▸ **Data supplied**:

+-------+

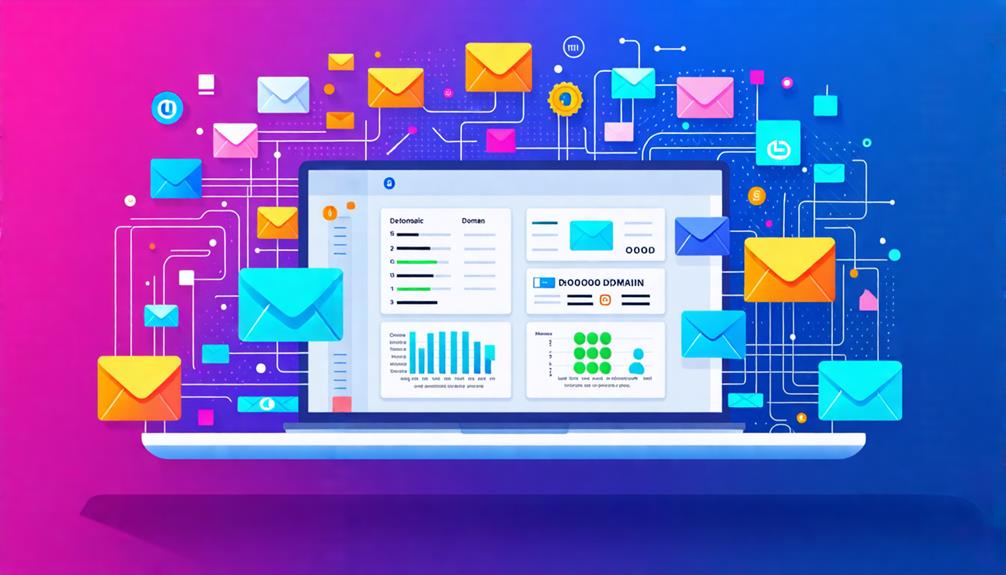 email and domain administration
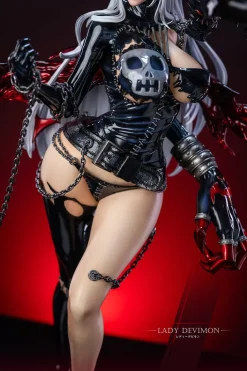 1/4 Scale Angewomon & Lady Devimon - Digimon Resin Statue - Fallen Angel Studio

+-------+

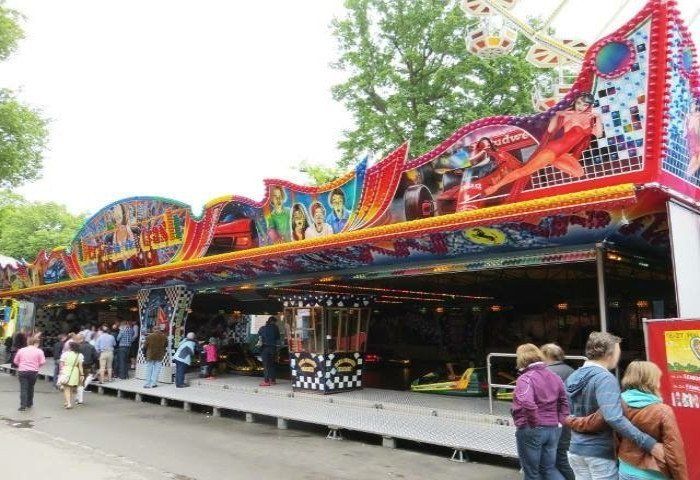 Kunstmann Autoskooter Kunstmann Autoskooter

+-------+

▸ **Exercise**: Look above for the line with "email and domain administration" and the line with "1/4 Scale Angewomon". Copy them and every line between, exactly, but no pictures.

▸ **Written answer**:
 email and domain administration
 1/4 Scale Angewomon & Lady Devimon - Digimon Resin Statue - Fallen Angel Studio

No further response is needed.